[Brief descriptive captions]
● ● ●

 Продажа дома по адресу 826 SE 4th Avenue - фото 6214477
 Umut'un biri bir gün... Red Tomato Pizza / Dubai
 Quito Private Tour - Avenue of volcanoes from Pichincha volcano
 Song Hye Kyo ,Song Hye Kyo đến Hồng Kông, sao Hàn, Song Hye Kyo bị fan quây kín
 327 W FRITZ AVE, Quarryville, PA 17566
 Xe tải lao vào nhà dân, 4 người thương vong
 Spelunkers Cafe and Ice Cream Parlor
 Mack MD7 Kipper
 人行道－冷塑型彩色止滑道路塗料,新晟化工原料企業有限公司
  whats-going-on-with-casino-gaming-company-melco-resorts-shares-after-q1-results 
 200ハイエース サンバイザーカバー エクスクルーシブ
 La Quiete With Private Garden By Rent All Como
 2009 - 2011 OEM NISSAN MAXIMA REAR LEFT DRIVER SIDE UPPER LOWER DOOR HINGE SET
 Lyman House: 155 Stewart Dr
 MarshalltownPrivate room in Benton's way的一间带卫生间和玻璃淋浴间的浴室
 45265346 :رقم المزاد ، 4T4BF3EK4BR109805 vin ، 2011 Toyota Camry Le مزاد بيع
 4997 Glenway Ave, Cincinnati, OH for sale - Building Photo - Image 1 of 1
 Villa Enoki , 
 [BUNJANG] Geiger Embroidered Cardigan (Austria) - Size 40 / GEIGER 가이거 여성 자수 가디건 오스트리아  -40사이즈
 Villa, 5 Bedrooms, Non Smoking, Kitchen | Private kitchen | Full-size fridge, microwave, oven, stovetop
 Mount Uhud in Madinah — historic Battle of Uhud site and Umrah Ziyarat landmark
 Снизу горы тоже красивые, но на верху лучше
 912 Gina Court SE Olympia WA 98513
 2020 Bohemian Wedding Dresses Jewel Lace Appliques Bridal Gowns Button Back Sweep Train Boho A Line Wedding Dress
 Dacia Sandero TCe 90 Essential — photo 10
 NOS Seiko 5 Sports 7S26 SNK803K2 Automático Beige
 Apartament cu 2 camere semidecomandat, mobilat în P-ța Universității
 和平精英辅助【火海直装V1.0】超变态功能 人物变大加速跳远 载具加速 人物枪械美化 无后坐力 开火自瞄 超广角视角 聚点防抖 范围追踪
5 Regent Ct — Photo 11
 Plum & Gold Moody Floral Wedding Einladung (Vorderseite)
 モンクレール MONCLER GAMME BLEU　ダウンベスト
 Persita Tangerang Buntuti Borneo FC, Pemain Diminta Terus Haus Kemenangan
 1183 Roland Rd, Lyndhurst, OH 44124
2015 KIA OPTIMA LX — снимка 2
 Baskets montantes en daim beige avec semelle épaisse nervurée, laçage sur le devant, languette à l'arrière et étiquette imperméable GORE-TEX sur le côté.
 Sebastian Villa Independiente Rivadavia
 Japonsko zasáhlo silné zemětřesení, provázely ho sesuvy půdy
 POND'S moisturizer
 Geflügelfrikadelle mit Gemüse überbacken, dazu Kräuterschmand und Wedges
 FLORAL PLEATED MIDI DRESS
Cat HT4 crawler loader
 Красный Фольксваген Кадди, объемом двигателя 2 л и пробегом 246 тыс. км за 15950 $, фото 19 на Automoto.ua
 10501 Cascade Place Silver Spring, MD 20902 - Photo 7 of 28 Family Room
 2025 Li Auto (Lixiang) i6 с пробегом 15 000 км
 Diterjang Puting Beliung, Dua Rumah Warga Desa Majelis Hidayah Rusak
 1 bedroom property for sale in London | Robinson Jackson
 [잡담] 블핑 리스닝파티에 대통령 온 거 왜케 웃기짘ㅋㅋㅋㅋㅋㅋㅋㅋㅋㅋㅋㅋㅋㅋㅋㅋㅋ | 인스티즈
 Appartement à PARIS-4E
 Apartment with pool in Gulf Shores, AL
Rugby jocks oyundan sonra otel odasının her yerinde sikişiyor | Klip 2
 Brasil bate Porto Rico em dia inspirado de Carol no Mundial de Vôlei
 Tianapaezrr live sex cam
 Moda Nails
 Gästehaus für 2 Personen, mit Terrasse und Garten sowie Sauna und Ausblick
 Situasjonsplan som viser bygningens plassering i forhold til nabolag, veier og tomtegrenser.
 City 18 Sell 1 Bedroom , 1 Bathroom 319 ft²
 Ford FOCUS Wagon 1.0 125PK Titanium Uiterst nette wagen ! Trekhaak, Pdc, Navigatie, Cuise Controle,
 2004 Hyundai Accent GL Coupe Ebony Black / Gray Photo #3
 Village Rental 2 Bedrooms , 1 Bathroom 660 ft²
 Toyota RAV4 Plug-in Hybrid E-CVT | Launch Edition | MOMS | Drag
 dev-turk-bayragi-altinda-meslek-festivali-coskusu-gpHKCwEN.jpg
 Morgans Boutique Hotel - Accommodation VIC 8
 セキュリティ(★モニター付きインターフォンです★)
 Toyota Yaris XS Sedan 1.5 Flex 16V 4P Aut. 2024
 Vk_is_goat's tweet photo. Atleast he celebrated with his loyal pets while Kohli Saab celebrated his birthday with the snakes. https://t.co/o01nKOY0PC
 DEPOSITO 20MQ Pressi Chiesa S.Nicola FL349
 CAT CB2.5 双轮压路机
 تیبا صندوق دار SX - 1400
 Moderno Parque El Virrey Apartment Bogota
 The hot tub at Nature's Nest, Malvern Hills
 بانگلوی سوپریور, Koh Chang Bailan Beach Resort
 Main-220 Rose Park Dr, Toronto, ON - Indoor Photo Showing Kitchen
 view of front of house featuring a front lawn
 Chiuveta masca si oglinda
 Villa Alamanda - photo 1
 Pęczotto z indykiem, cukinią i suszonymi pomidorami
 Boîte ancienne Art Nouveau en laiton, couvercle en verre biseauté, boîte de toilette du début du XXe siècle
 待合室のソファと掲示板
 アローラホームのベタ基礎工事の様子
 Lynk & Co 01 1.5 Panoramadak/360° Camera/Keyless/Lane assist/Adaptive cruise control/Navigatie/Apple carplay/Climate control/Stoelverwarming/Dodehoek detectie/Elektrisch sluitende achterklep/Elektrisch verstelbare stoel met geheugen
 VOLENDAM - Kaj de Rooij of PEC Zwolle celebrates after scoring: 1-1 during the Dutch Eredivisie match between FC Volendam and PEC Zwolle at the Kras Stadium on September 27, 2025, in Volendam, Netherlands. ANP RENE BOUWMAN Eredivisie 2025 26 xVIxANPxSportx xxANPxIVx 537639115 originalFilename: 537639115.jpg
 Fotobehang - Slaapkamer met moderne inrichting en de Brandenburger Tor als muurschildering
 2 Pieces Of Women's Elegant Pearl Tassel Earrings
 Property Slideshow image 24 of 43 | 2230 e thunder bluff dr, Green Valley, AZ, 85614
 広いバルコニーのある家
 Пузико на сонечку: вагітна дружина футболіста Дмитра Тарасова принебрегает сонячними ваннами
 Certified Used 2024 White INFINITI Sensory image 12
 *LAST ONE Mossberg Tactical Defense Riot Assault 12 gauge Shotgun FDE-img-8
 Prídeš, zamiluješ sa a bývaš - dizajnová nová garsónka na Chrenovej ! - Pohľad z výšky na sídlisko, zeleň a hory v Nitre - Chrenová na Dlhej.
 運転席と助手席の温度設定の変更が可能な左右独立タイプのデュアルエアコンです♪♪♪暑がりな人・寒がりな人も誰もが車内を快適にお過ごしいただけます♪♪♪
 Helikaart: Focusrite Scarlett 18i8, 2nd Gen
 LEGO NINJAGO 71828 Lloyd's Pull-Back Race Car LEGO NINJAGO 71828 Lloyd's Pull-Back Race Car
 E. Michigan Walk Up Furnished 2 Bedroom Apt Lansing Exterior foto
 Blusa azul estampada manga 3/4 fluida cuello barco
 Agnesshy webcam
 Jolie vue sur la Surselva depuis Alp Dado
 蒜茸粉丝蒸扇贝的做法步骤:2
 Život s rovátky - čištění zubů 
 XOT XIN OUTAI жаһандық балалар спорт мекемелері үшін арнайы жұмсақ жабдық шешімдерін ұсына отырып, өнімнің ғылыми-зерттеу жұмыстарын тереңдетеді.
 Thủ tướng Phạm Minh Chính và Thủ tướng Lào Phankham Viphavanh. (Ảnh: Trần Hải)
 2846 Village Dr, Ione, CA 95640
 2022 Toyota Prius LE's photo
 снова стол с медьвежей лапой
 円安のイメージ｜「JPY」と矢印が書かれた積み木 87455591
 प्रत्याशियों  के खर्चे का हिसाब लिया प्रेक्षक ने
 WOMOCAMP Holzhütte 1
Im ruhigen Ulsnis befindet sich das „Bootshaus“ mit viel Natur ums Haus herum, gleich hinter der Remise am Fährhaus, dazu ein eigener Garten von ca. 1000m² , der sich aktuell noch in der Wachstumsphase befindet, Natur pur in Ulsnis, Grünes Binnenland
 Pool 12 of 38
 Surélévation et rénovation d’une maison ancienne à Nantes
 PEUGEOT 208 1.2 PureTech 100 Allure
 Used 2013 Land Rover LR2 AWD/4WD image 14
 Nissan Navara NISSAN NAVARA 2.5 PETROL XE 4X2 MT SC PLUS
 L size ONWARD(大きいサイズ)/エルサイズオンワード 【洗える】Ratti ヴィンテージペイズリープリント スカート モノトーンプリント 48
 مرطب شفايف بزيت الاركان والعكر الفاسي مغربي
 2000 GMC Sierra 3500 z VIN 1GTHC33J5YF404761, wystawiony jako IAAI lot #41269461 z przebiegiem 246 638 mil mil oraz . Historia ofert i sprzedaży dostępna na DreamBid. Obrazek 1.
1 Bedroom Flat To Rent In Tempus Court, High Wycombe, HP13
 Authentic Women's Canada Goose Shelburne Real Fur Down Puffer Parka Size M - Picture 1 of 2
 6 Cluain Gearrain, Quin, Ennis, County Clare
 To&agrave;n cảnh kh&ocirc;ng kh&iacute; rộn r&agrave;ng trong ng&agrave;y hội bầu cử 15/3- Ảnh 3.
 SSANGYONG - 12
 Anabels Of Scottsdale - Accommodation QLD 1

● ● ●

Above are the entries. Quote exactly the lines from the one bearing "Chiuveta masca si oglinda" through the one bearing "Fotobehang - Slaapkamer".

### Answer area:
 Chiuveta masca si oglinda
 Villa Alamanda - photo 1
 Pęczotto z indykiem, cukinią i suszonymi pomidorami
 Boîte ancienne Art Nouveau en laiton, couvercle en verre biseauté, boîte de toilette du début du XXe siècle
 待合室のソファと掲示板
 アローラホームのベタ基礎工事の様子
 Lynk & Co 01 1.5 Panoramadak/360° Camera/Keyless/Lane assist/Adaptive cruise control/Navigatie/Apple carplay/Climate control/Stoelverwarming/Dodehoek detectie/Elektrisch sluitende achterklep/Elektrisch verstelbare stoel met geheugen
 VOLENDAM - Kaj de Rooij of PEC Zwolle celebrates after scoring: 1-1 during the Dutch Eredivisie match between FC Volendam and PEC Zwolle at the Kras Stadium on September 27, 2025, in Volendam, Netherlands. ANP RENE BOUWMAN Eredivisie 2025 26 xVIxANPxSportx xxANPxIVx 537639115 originalFilename: 537639115.jpg
 Fotobehang - Slaapkamer met moderne inrichting en de Brandenburger Tor als muurschildering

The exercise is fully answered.